Horses for courses. Depends whether you a rich man or not (I'm guessing with your £40 budget that like most of us you're not a lottery winner) and whether or not it's for a bit of home use prodding and poking, or if it's for your job and your everyday bread and butter depended on it. I'm a software engineer so my laptop is my job. I have an HP with Intel CORE vPRo i7, Intel Pro 2500 Series SSD, 8GB DDR3-1600 RAM, 64-bit OS, etc., with enterprise level support/warranty. It cost my company a lot of money. I couldn't do my job on £299 laptop from PC WORLD
But playing with electronics (model railways, Arduino and pinball) is my hobby so I can get away with something modest. My first job after leaving uni was working in Maplin (loved it, great job!) and we used to sell a lot of multi-meters. We had them all from a little pocket analogue jobbie for a fiver up to the full range of Fluke meters. Back then I bought myself a
Precision Gold PG 012 and it's done a great job. Perfectly usable for checking a connection in your wiring loom, or testing voltages on the transformer, or coil diodes, or lamp/solenoid driver transistors, etc. It's still available for £34.99. Tests continuity with a buzzer, reads DC and AC voltages up 600V, resistances up to 2000M, capacitance to 20uF, frequency to 15MHz, diode test and NPN/PNP transistor gain.

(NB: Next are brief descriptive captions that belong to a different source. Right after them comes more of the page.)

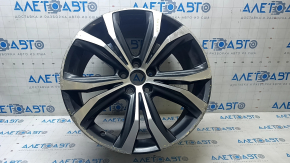Wheel disk R20 Lexus RX350 RX450h 16-22 curb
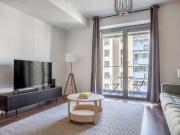 Apartamento T1 para alugar no Marquês de Pombal, Lisboa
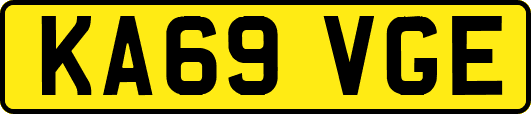 KA69VGE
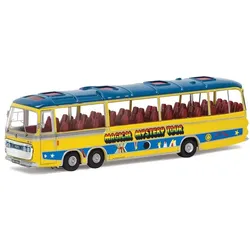 Corgi The Beatles Magical Mystery Tour Bus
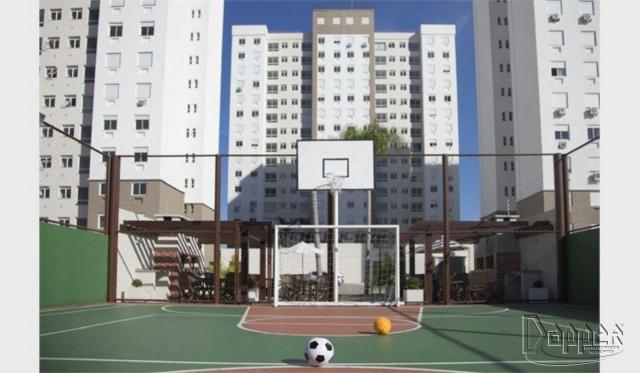 Apartamento à venda com 2 dormitórios em Jardim mauá, Novo hamburgo cod:17662 - Foto 13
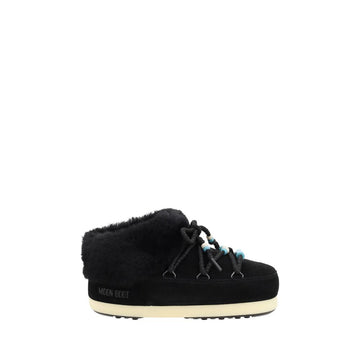 Moon Boot Mule Suede Beads Ankle Boots - Beyzy Store - Moon Boot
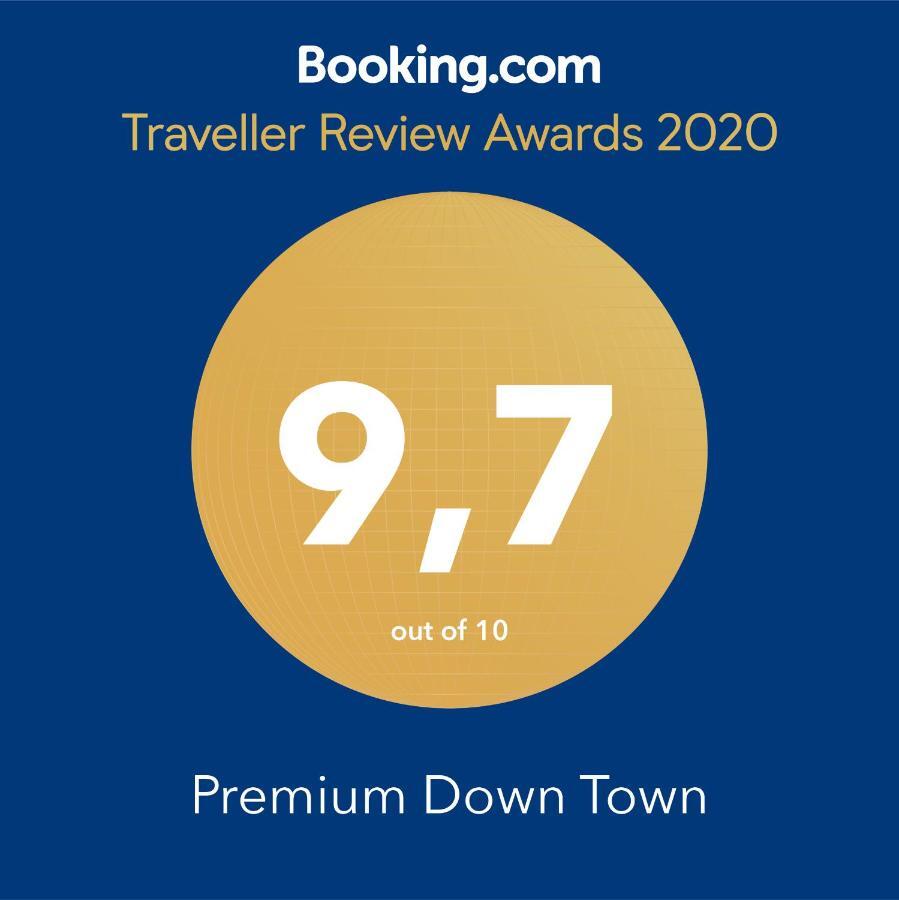 شقة بوينس آيرس  في Premium Down Town المظهر الخارجي الصورة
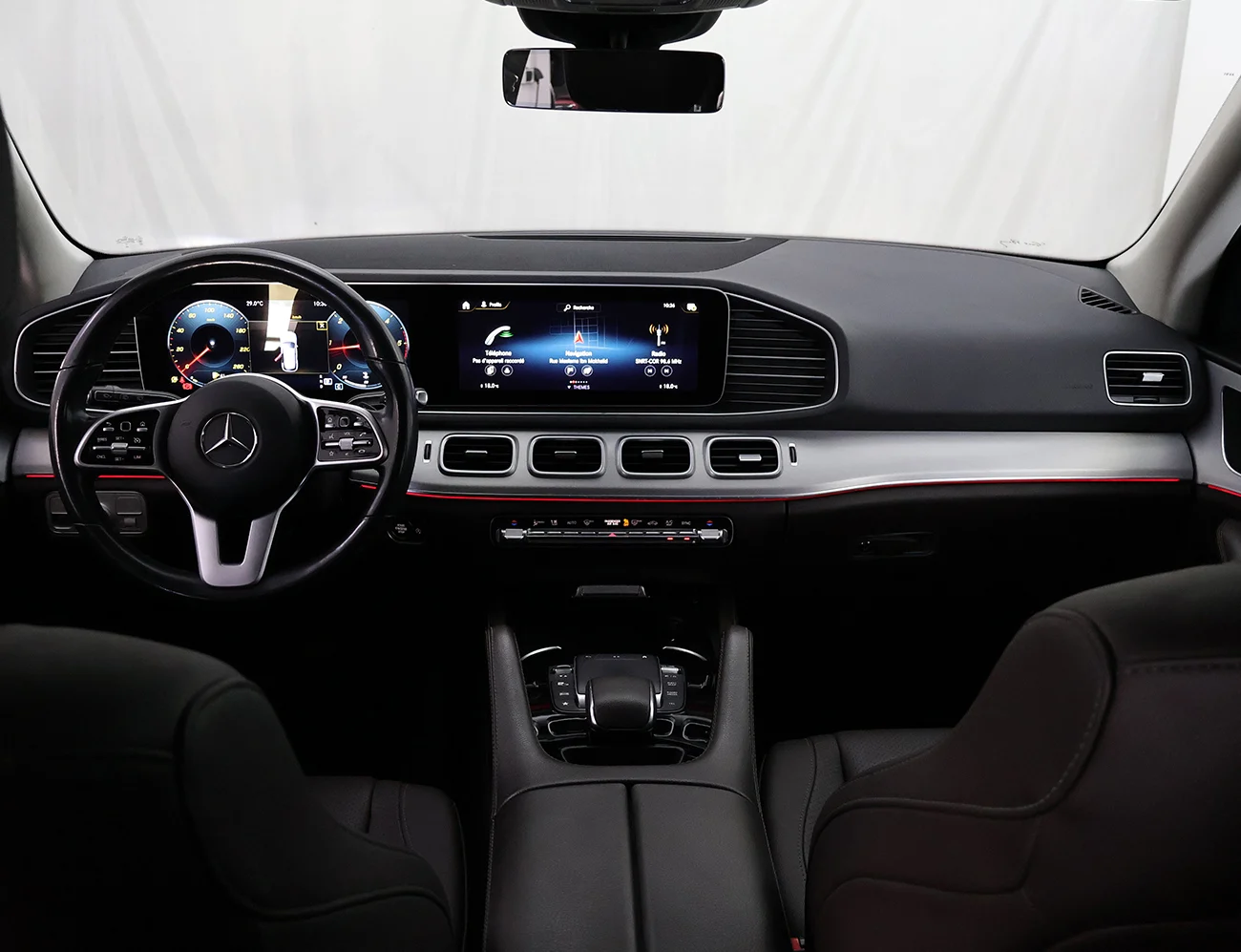 Mercedes-Bnez GLE 300 d 4MATIC Luxury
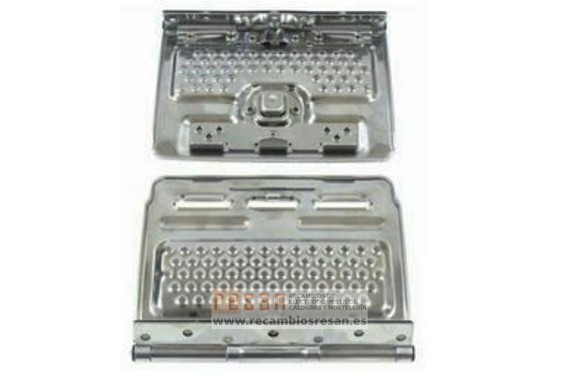 Conjunto puerta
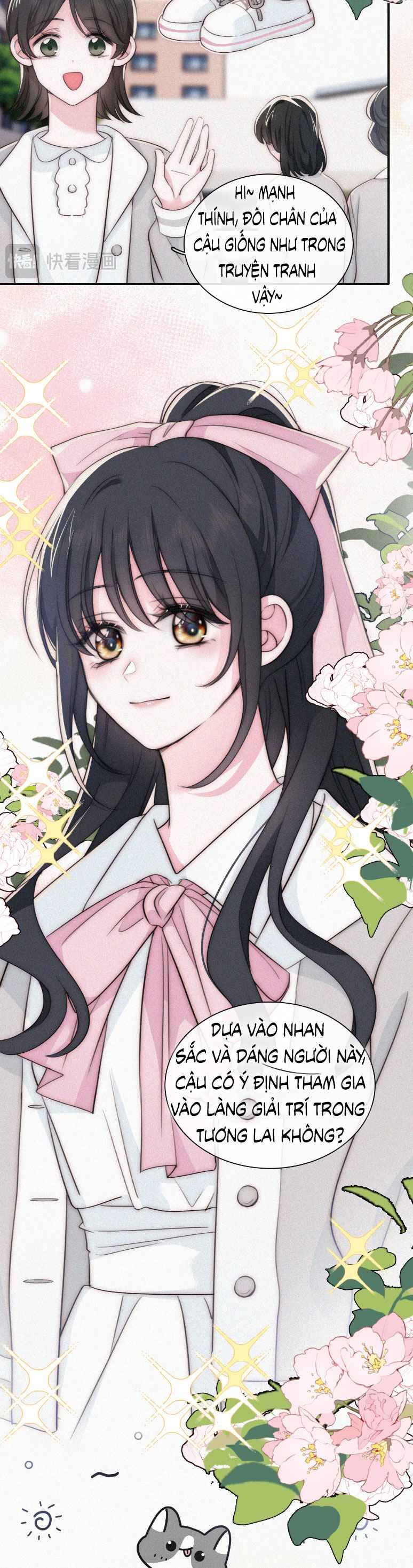 đọc truyện Nhất Mực Cưng Chiều Chương 97 ảnh 8 tại Thiên Thai Truyện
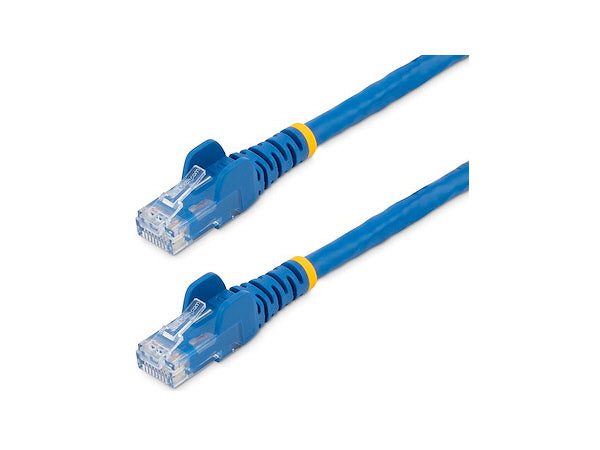 StarTech Network Cable - Cat6 10Gbps, 125 ft, Blue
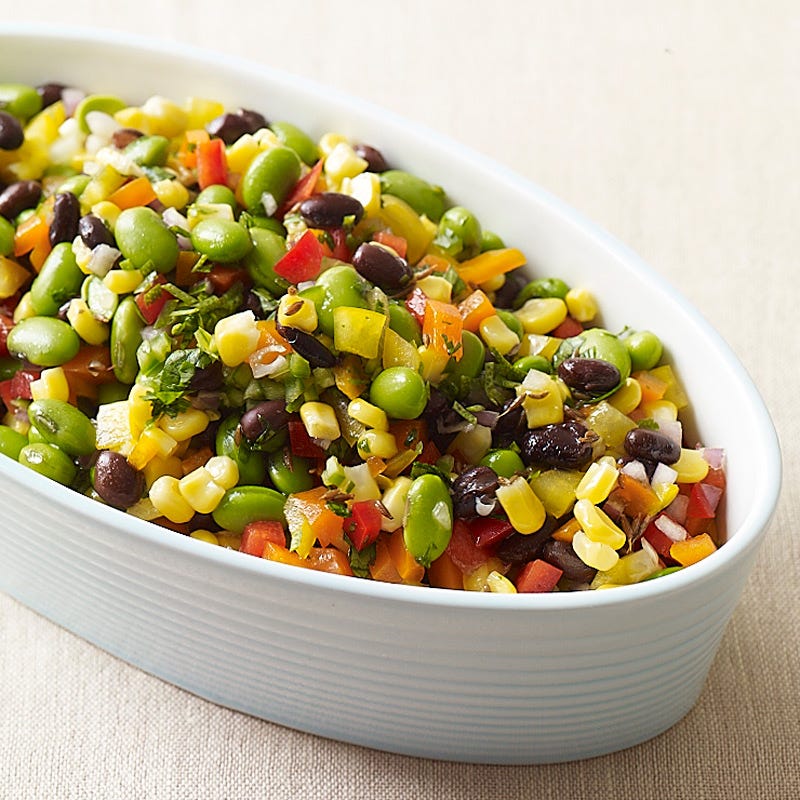 Photo of Cumin-lime confetti salad by WW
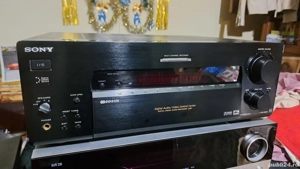 Stație audio Sony 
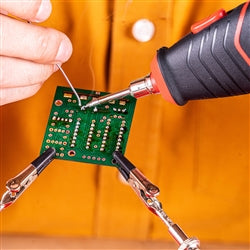 Weller WLIBAK8 Battery Powered Soldering Iron 8-WATT
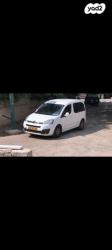 סיטרואן ברלינגו דור 2 (2008-2019) MLS Comf PK ידני דיזל 5 מק' 1.6 (100 כ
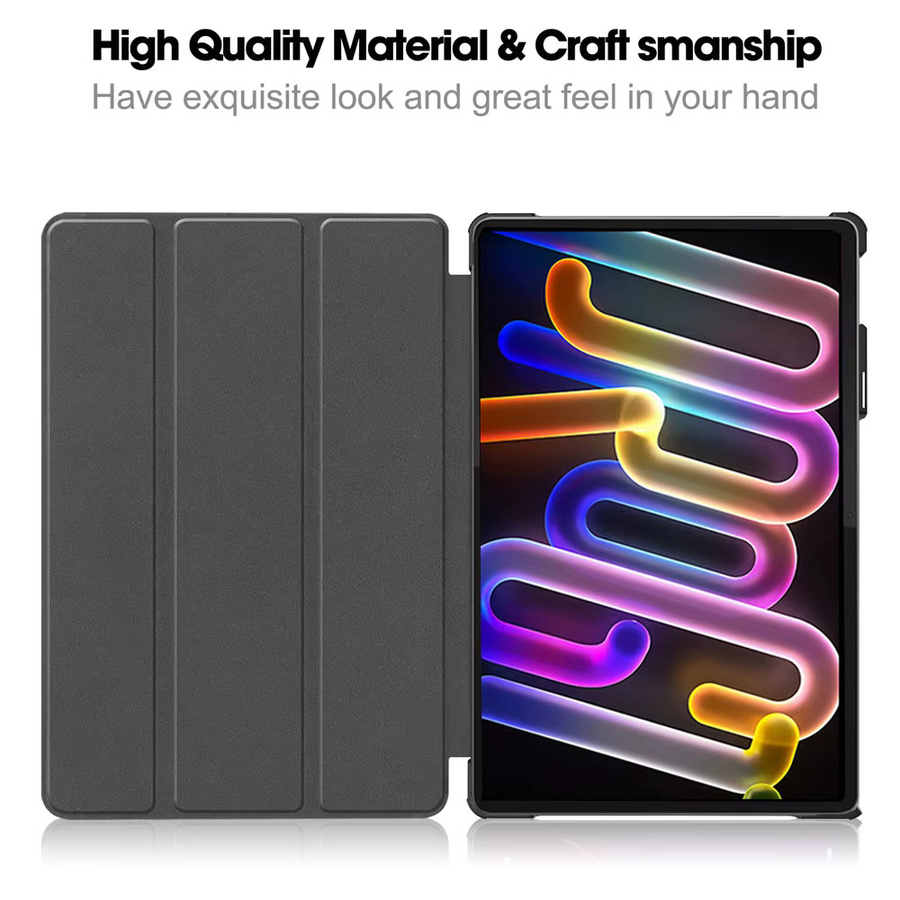 Schutzhülle für Lenovo Xiaoxin Pad Pro GT 11,1 Zoll 2025, Klapphülle aus PU-Material in Blau - Bild 2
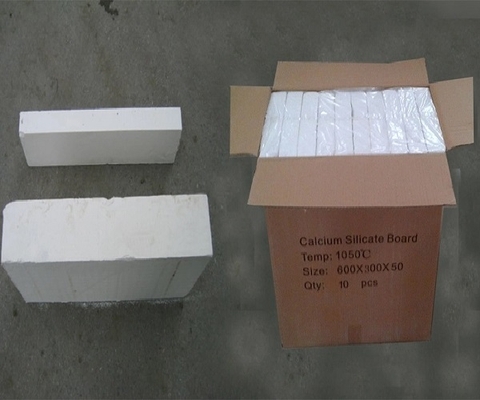 TẤM CALCIUM SILICATE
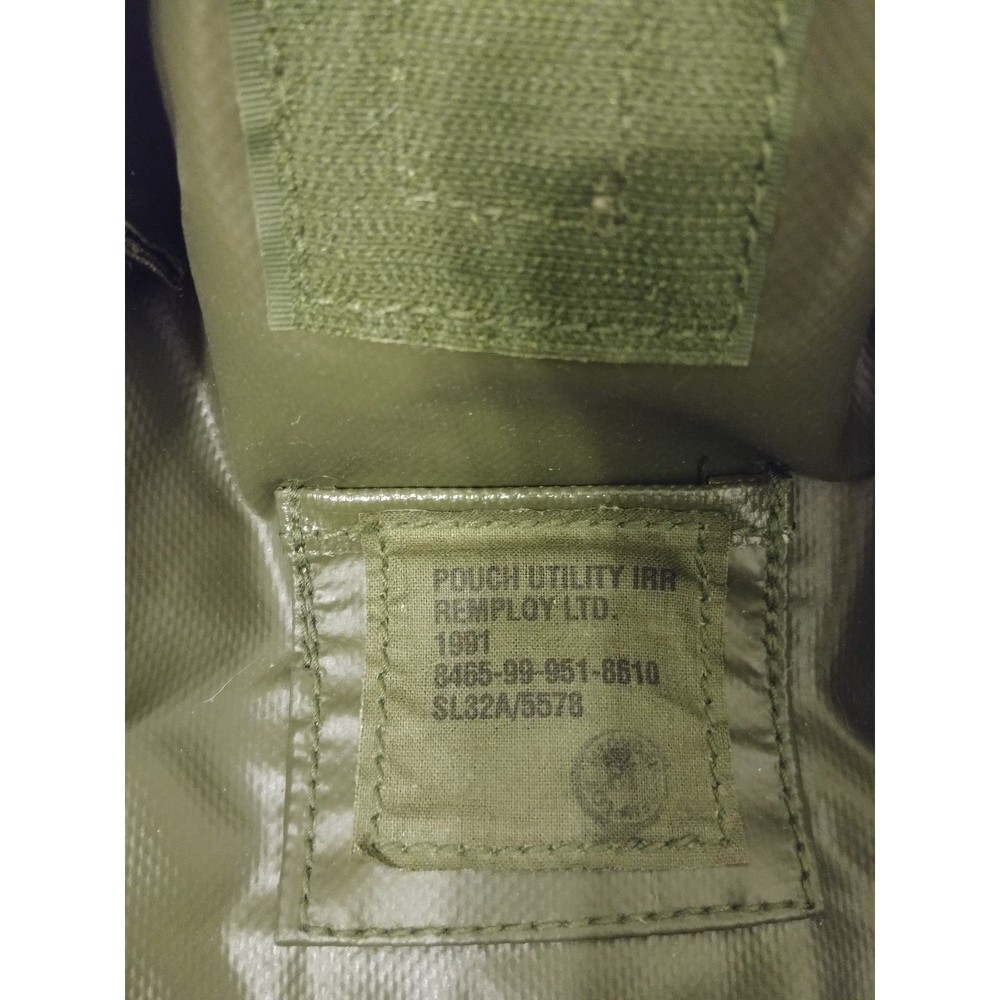 Utility Pouch Bag - Picture 4 of 7
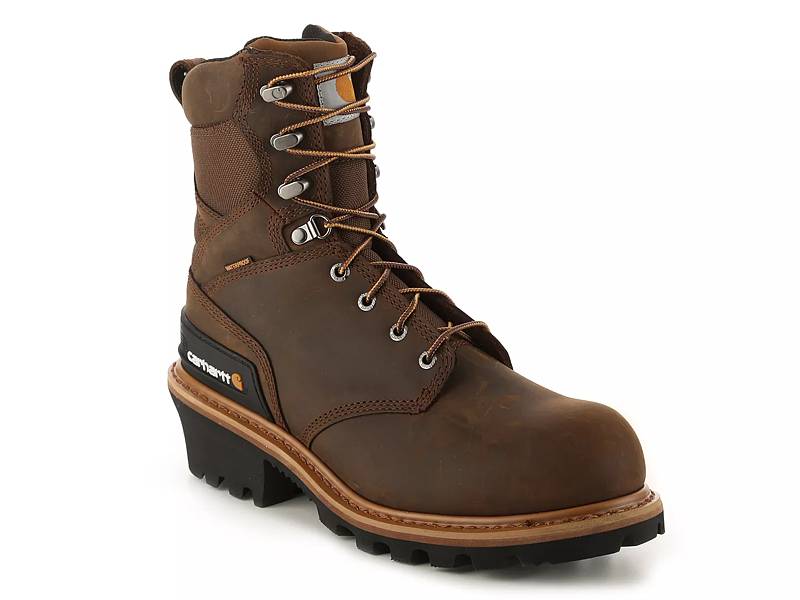 Carhartt hot sale logger boots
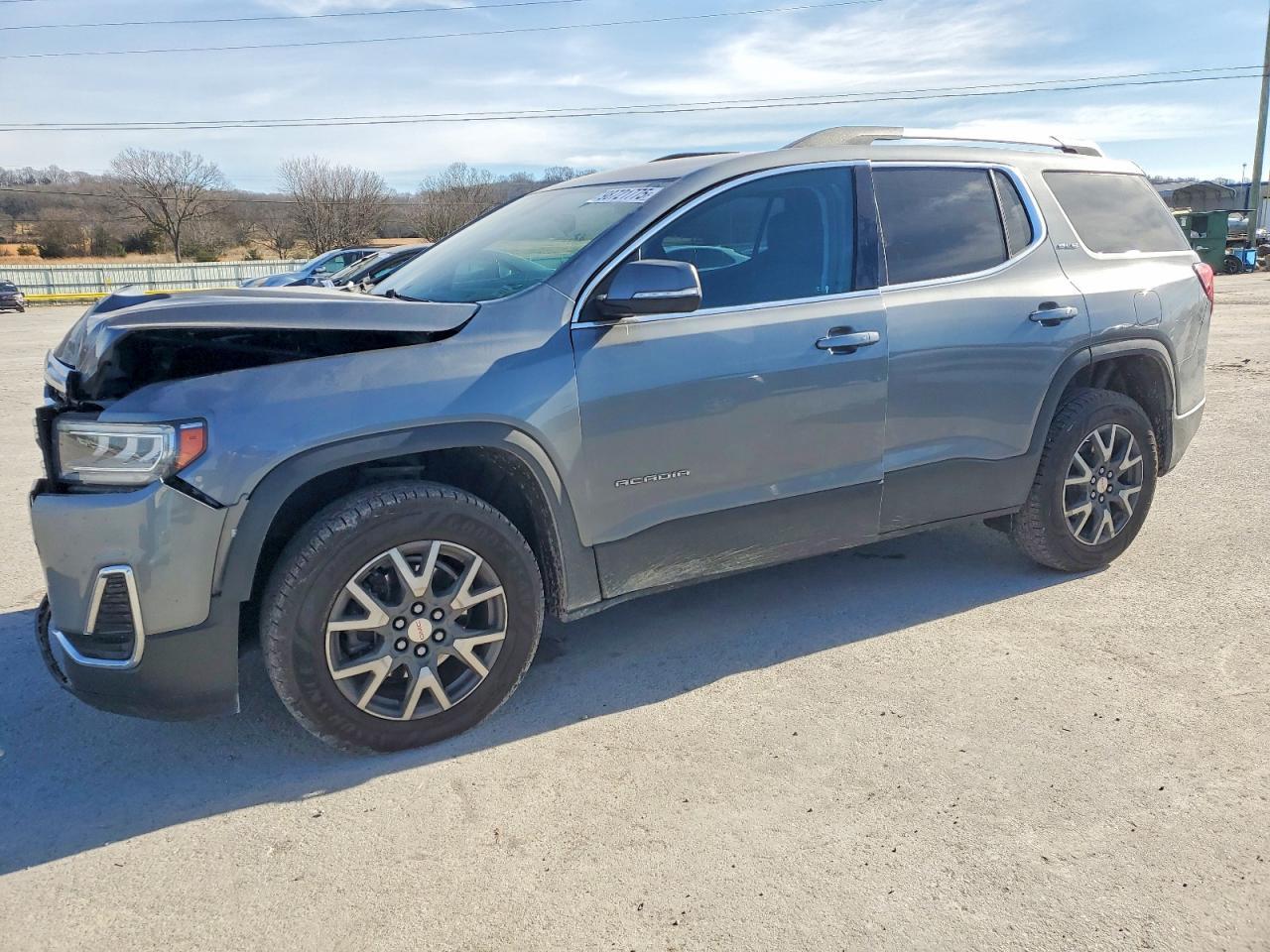 2021 GMC Acadia Sle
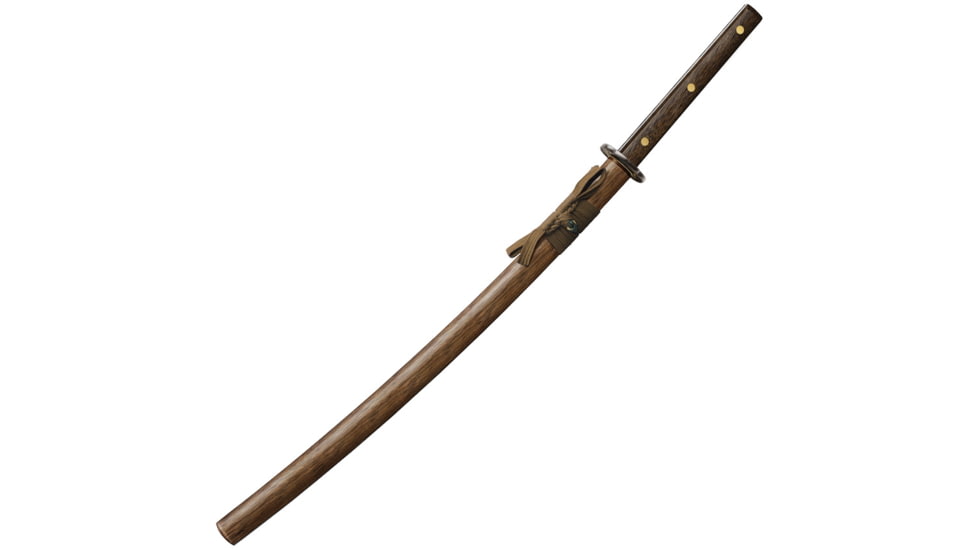 United Cutlery Shikoto Tiger Wood Katana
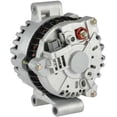 thumbnail image 2 of New Alternator Compatible with Ford 180A High Output 2005-2007 F-250 F-350 F-450 F-550 Super Duty 6.0L Power Stroke Diesel 6C3Z-10346-BBRM AL7603X 5C3T-10300-BA 5C3T10300BA 5C3Z10346BA, 2 of 2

But I've noticed that the higher specified
PG 017 model is actually cheaper, currently on offer half price at £19.99! This adds current testing up to 10A.
I did however "treat" myself to a
WG 020 last month as it was (and still is) on offer for £14.99. This adds capacitance up 200uF, DC up to 1000V, AC to 750V, inductance to 20H and duty cycle. It's bigger than my PG 012 but comes in a rubber case (they used to be sold separately).
I'm sure others will be appalled at my recommendation of Maplin multi-meters, but they've been good for me, worked flawlessly and if there any problems you've got a real shop to take it back to.